> [Collected material]:
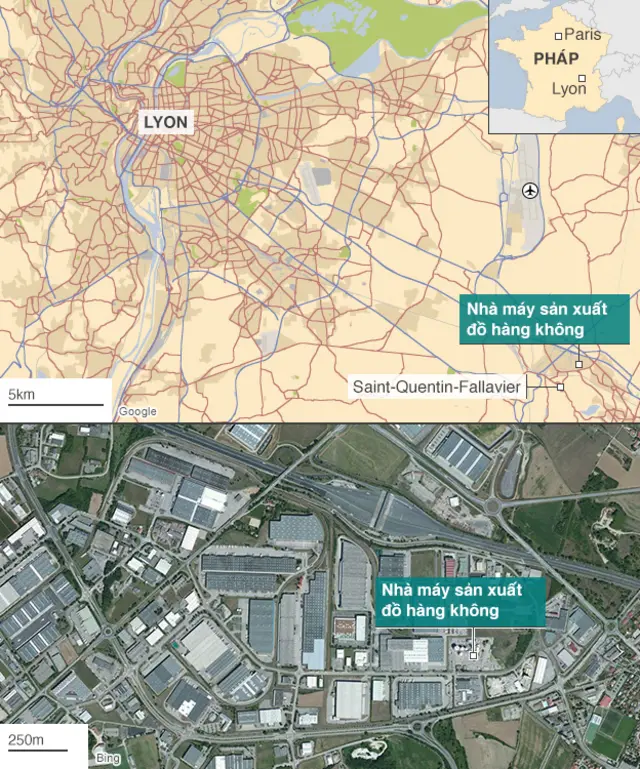 Bản đồ nơi xảy ra vụ tấn công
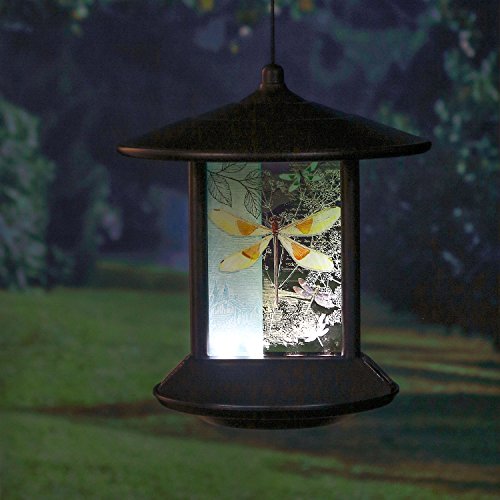 CEDAR HOME Hanging Solar Bird Feeder Outdoor Garden Decorative Water Proof Glass Pet BirdFeeder with Eave, Iridescent Dragonfly - Thumbnail 5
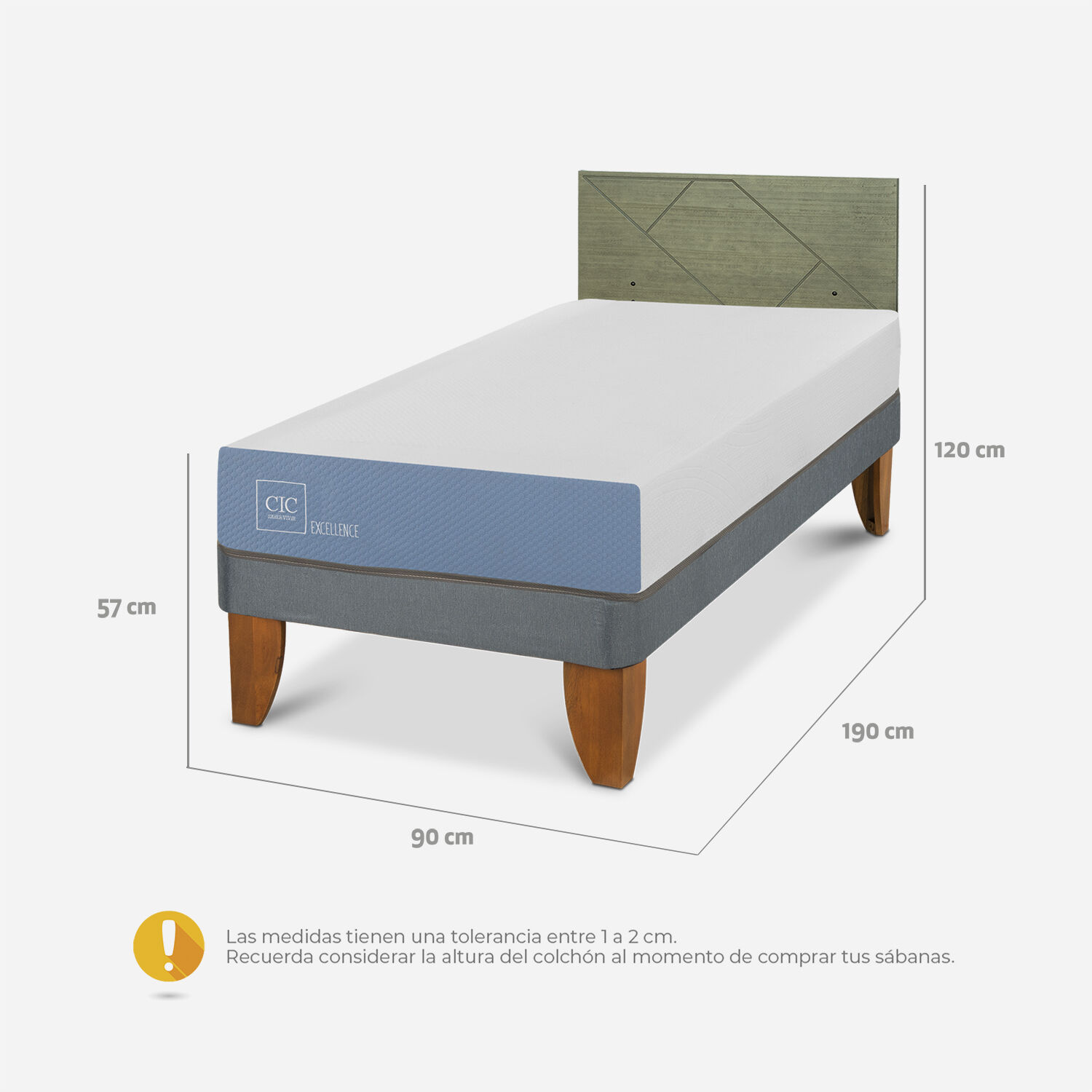 Cama Europea 1 Plaza Excellence + Respaldo Villarrica Olivo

> [Task item]:
Leave every picture out, and transcribe the data above exactly as it reads.

> [Solution to this exercise]:
 Bản đồ nơi xảy ra vụ tấn công
 CEDAR HOME Hanging Solar Bird Feeder Outdoor Garden Decorative Water Proof Glass Pet BirdFeeder with Eave, Iridescent Dragonfly - Thumbnail 5
 Cama Europea 1 Plaza Excellence + Respaldo Villarrica Olivo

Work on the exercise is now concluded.